KP has no money to pay lady health workers | Pakistan Press Foundation (PPF)

Pakistan Press Foundation

KP has no money to pay lady health workers

Ashfaq Yusufzai

PESHAWAR: The Khyber Pakhtunkhwa health department is facing difficulty in paying salaries to lady health workers after the devolution of powers under the 18th Amendment, according to officials.

“After passage of 18th Amendment, the lady health workers (LHWs) programme has been devolved to the province that is not able to bear the annual cost of Rs2.15 billion, which worries the provincial health department,” officials said.

According to them, the federal government started the programme in 2005 and appointed more than 100,000 LHWs in all the provinces to involve them in door-to-door anti-polio campaigns, distribute oral re-hydration salt (ORS) among the vulnerable population besides utilising their services during natural calamities.

The LHWs programme worked under the defunct federal ministry of health, which also released funds to all the provinces for the salaries of the staff, medicines and logistics, officials said.

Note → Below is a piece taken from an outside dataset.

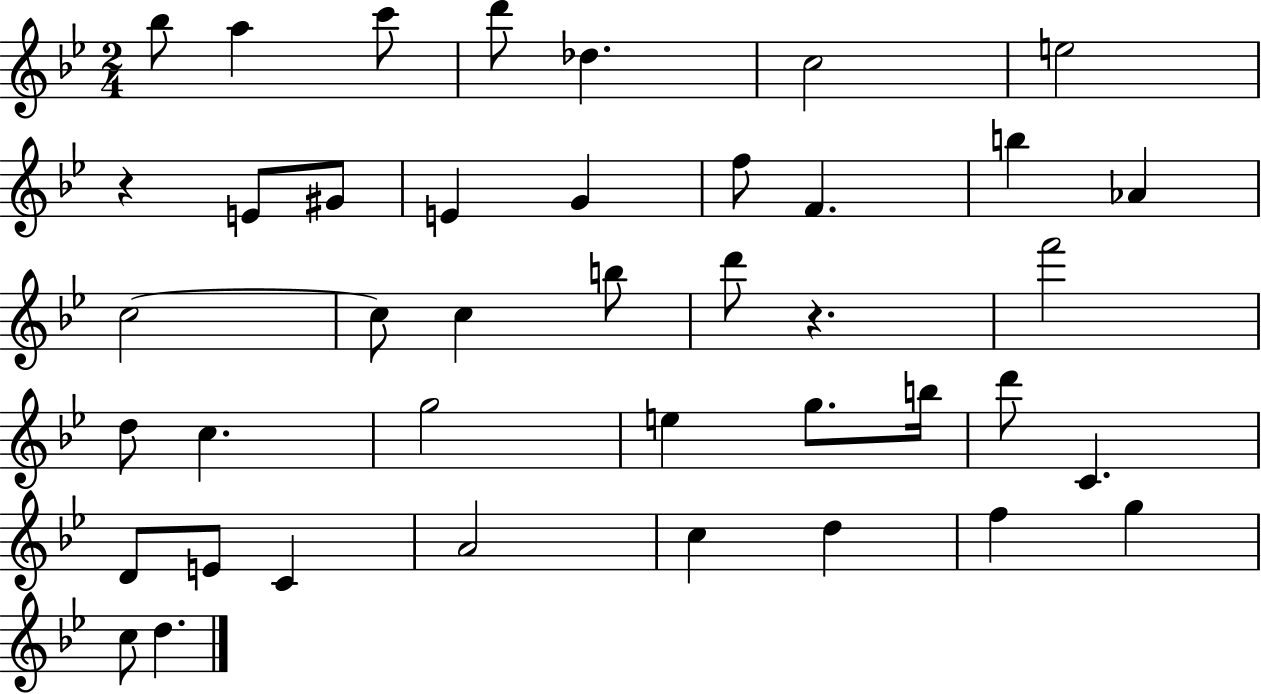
Bb5/e A5/q C6/e D6/e Db5/q. C5/h E5/h R/q E4/e G#4/e E4/q G4/q F5/e F4/q. B5/q Ab4/q C5/h C5/e C5/q B5/e D6/e R/q. F6/h D5/e C5/q. G5/h E5/q G5/e. B5/s D6/e C4/q. D4/e E4/e C4/q A4/h C5/q D5/q F5/q G5/q C5/e D5/q.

They said that the programme also aimed at motivating women for use of contraceptive and creating awareness about the problems of pregnant women.

“After devolution, the ministry of health doesn’t exist owing to which Khyber Pakhtunkhwa has been facing problem in paying salaries to about 18,000 LHWs in different districts of the province,” they added.

Though the federal government had pledged that it would continue to fund the programme till 2014, yet the funds were being provided on quarterly basis which caused barrage of protests by LHWs, they said. “The delayed salaries have also prompted LHWs to boycott the polio campaigns in the province,” they said. The LHWs boycotted the three-day anti-polio vaccination campaign on October 25 and demanded of the government to pay them salaries.

In the process, the provincial health department issued show cause notices to 500 LHWs and terminated the services of 112 others. “About 38 LHWs resigned owing to non-payment of salaries,” the officials said.

They said that the province required Rs502 million for every three months to pay the salaries of staff and buy medicines etc.

The delayed release of the funds by the federal government was resulting in protests by the staff.

“During the current quarter of the year, the centre has released only Rs104 million owing to which the salaries of all the staff could not be paid. Not only the centre but the World Health Organisation, which pledged to supplement the funding, has also not released the funds for the last few months,” they said.

The officials said that restructuring of the health department was in progress to resolve the problems created by devolution of about 10 programmes previously run by the federal government. They said that after 2014, the provincial health department would be required to bear the full expenses of the devolved programme, which was Rs8 billion per year.

Currently, the total budget of the health department was Rs8 billion and it was not possible for the province to run all the programmes, initiated by the centre, from its own resources, they added.

“We have started serious brainstorming to seek a durable solution to run the LHWs programme on regular basis. Given the surge in polio cases, we need the programme,” said a senior health official. He said that the province would soon contact the federal government to make elaborate arrangements for the salaries of LHWs.